The New International Encyclopædia/Haileybury College
|←Hailes, Lord||The New International Encyclopædia
|Haillan, Bernard de Girard→|
|Edition of 1905. See also East India Company College and Haileybury and Imperial Service College on Wikipedia, and the disclaimer.|
HAILEYBURY COLLEGE. An English public school situated at Hailey, Hertfordshire, nineteen miles north of London. This school is often called New Haileybury, in distinction from the older and more famous school which it succeeded. Old Haileybury, or more properly the East India College, was a training-school for young men entering the service of the East India Company. It was founded by the Company in 1806, and occupying first Hertford Castle, moved to the building erected for it at Hailey by Wilkins, in 1809. Here it carried on its work till, after a career of almost exactly half a century, it ceased to exist, January 31, 1858. During that time many of the most distinguished men connected with Indian history and administration were members of the college. Among the professors are to be found the names of Malthus, the political economist; Sir James Stephen, Sir James Mackintosh, and William Empson, master of the college and later editor of the Edinburgh Review. Lord Lawrence, Sir Bartle Frere, Sir Charles Trevelyan, Sir William Muir, John Muir, Dean Merivale, Sir Richard Temple, and Sir M. Monier-Williams may be instanced among its students. The great days of the school seem to have been in the principalship of Dr. Batten, 1815-37, when many of those most famous in the Mutiny days were in Haileybury. It was indeed in that trying time that the value of the school and its training was best seen, and the proud tradition of the school is the part its men took in the suppression of that rising. Its importance rests on even broader grounds than this. In the influence it has had on Indian administration by its spirit and traditions; in the model which it set for the training of men for both Indian and colonial service, now carried on elsewhere; in the impetus it gave to Oriental studies in England, as well as in the vigorous and varied intellectual life it enjoyed during the greater part of its career — the East India College deserves a high place among English educational forces of the nineteenth century. The fall of the East India Company after the Sepoy Mutiny brought with it the suspension of its great training-school. The Indian Civil Service was reorganized under Government control, and the training of men for that service fell into other hands. For some four years the buildings at Haileybury stood vacant.
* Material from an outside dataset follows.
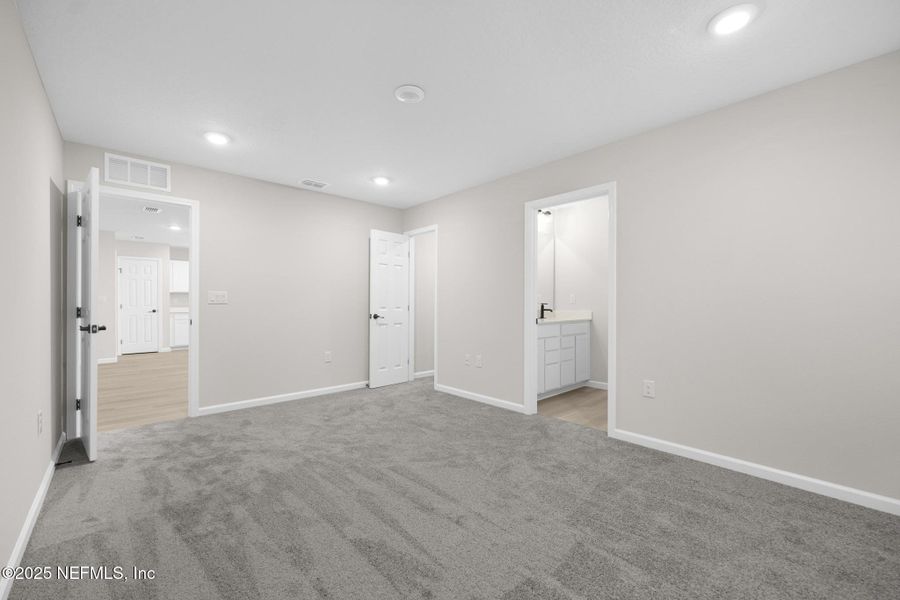 Spacious, unfurnished interior of a new home in , Jacksonville (Image 19).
New Haileybury. Owing to the exertions of certain gentlemen of Hertfordshire, chief among whom was the publisher Stephen Austin of Hertford, a sum was subscribed to buy the estate and found a public school on the premises. This was accordingly done, and the school was incorporated by royal charter, and was opened in September, 1862, as Haileybury College. This foundation, beginning with an enrollment of some fifty scholars, was successful from the start. The estate has increased from the original 55 acres of the East India College to nearly double that area; the number of students has grown to nearly 600, and many new and handsome buildings have been added to the great quadrangle of the old school. Of that earlier foundation more has been inherited by the new than the estate and buildings; for while it is no longer a training-school for the Indian service, much of the old atmosphere and tradition remains, giving it a tone and character which mark it off to some extent from other schools. For the East India College, consult Monier-Williams, Memorials of Old Haileybury College (Westminster, 1894); for the new school, consult handbooks of Public Schools. A. L. Lowell, Colonial Civil Service (New York, 1900), devotes more than 100 pages to Haileybury College to show its value in securing good and fit men for colonial offices.